Given records –

===============

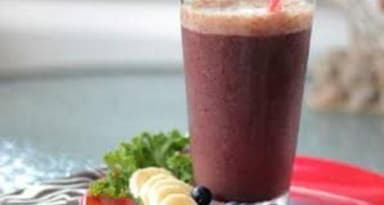 Batido mandarina - fresa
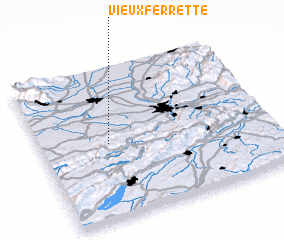 3d view of Vieux-Ferrette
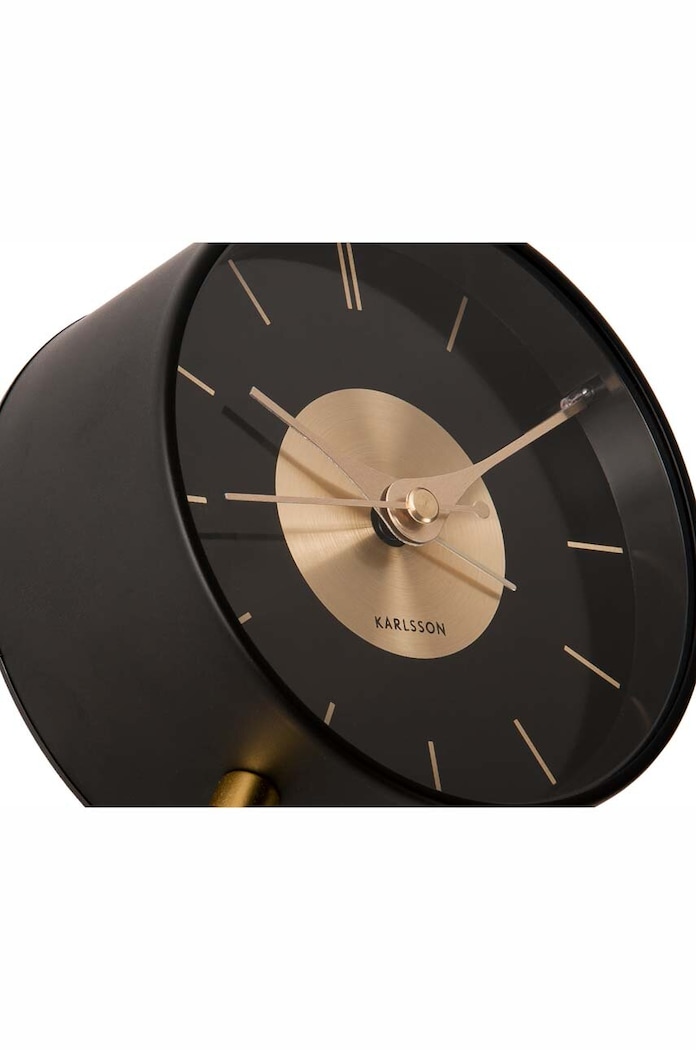 Living și dormitor Karlsson ceas cu alarmă KA5919BK negru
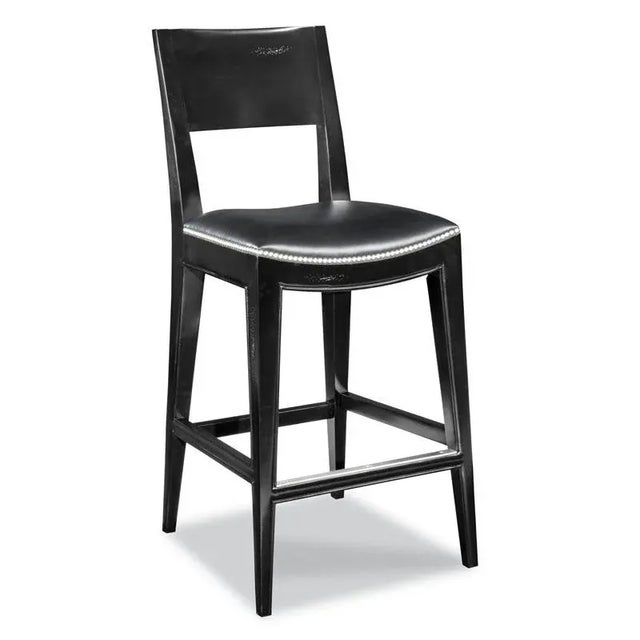 Transitional Cashiers Counter Stool in Black For Sale - Image 3 of 3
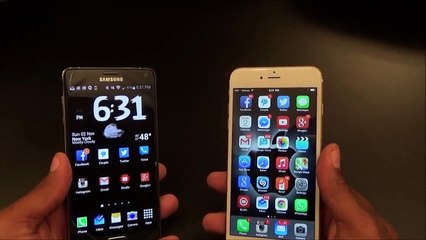 Samsung Galaxy Note 4 vs iPhone 6 Plus - YouTube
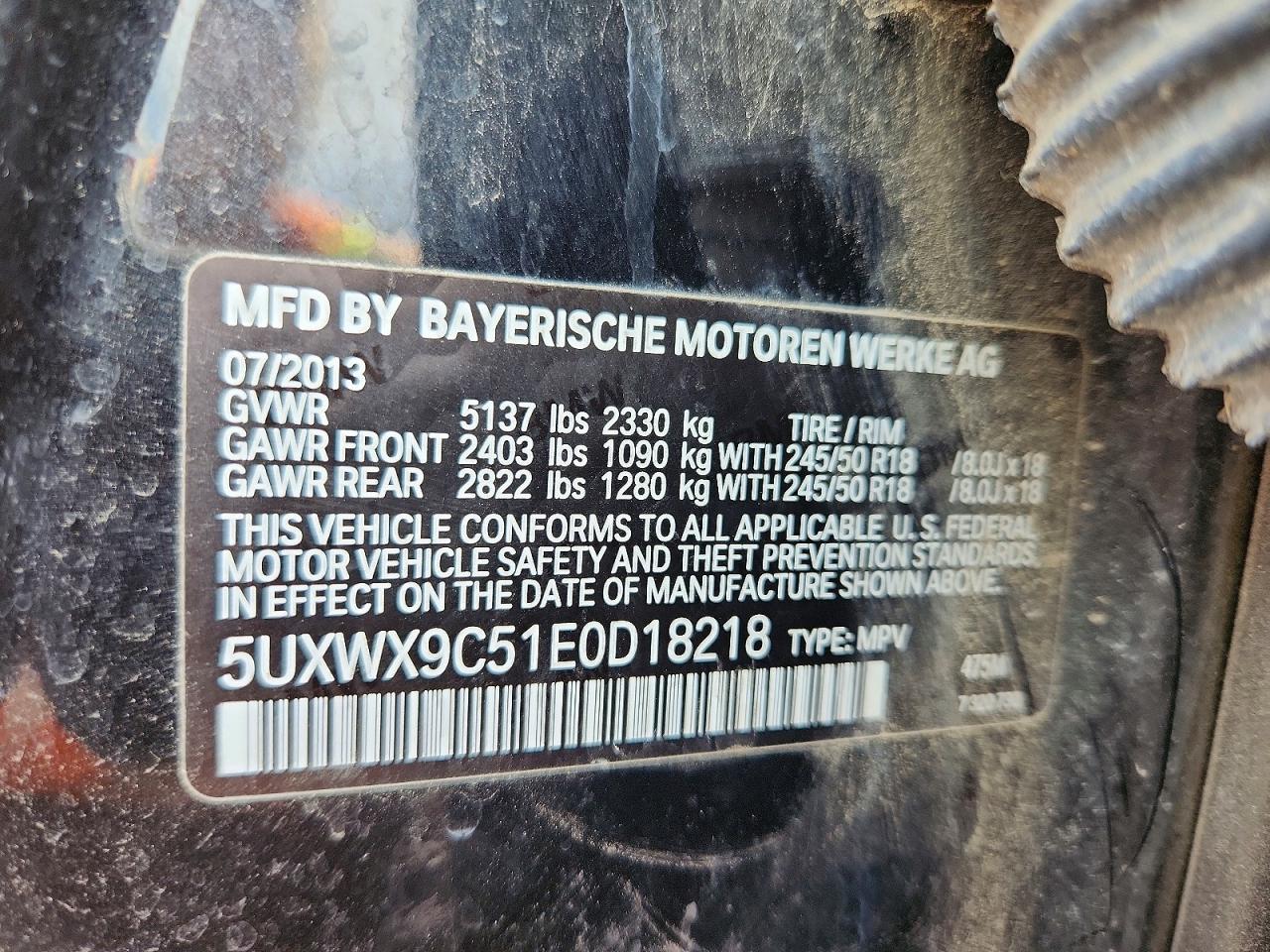 2014 BMW X3 xDrive28I - zdjęcie 13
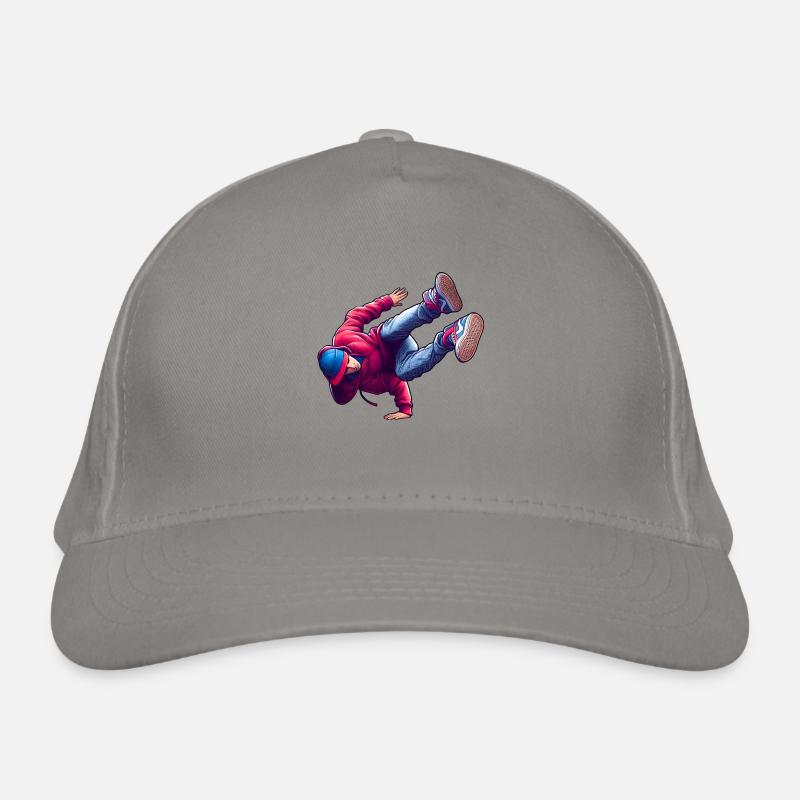 Breakdance Dance Steps Organic Baseball Cap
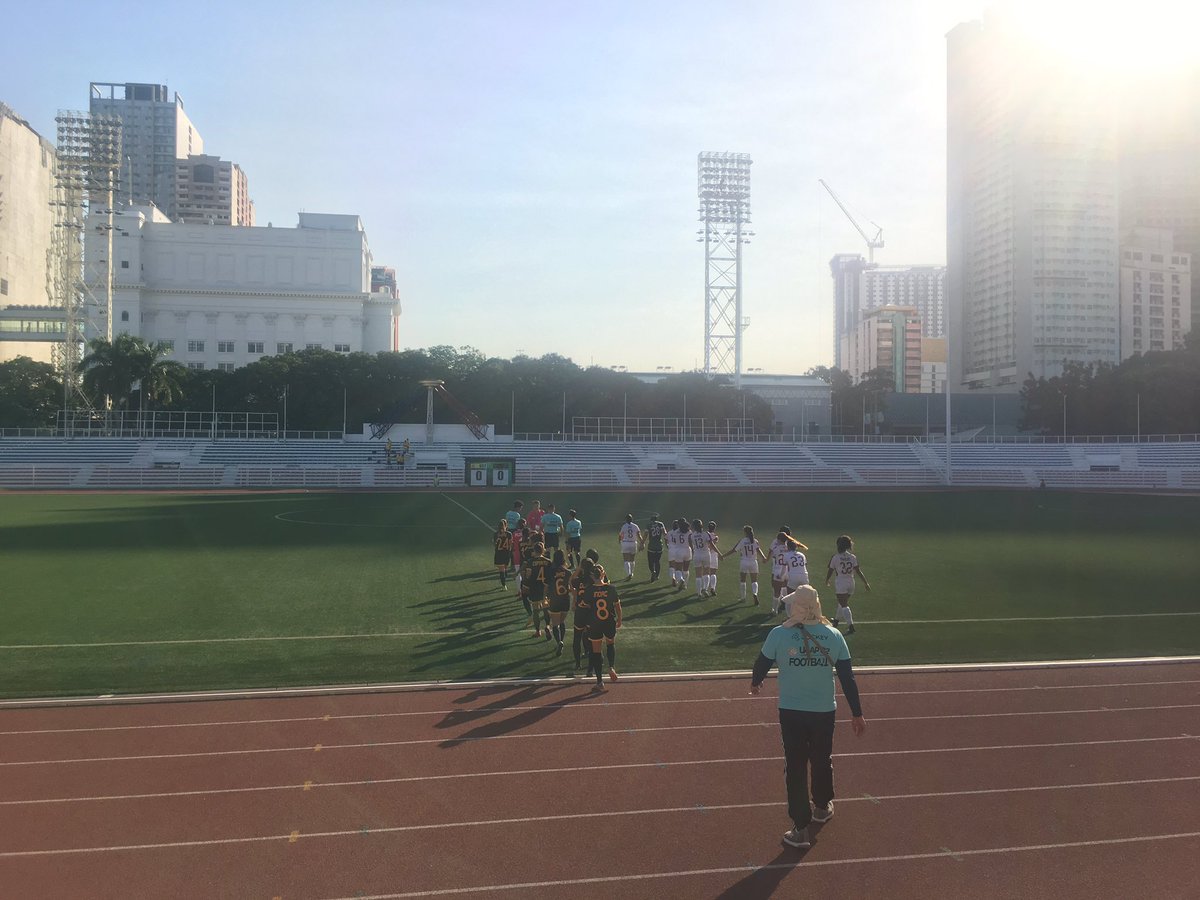 ustigertv's tweet photo. Good morning from the Rizal Memorial Stadium! 

Let’s support the Lady Booters as their season opens today 💥 

#TigerTakeover 
#USTForMore 
#GoUSTE https://t.co/kn9wx7zZlr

===============

Aim of the task –
Could you write the entries out again exactly, without their pictures?

Written solution –
 Batido mandarina - fresa
 3d view of Vieux-Ferrette
 Living și dormitor Karlsson ceas cu alarmă KA5919BK negru
 Transitional Cashiers Counter Stool in Black For Sale - Image 3 of 3
 Samsung Galaxy Note 4 vs iPhone 6 Plus - YouTube
 2014 BMW X3 xDrive28I - zdjęcie 13
 Breakdance Dance Steps Organic Baseball Cap
 ustigertv's tweet photo. Good morning from the Rizal Memorial Stadium! 

Let’s support the Lady Booters as their season opens today 💥 

#TigerTakeover 
#USTForMore 
#GoUSTE https://t.co/kn9wx7zZlr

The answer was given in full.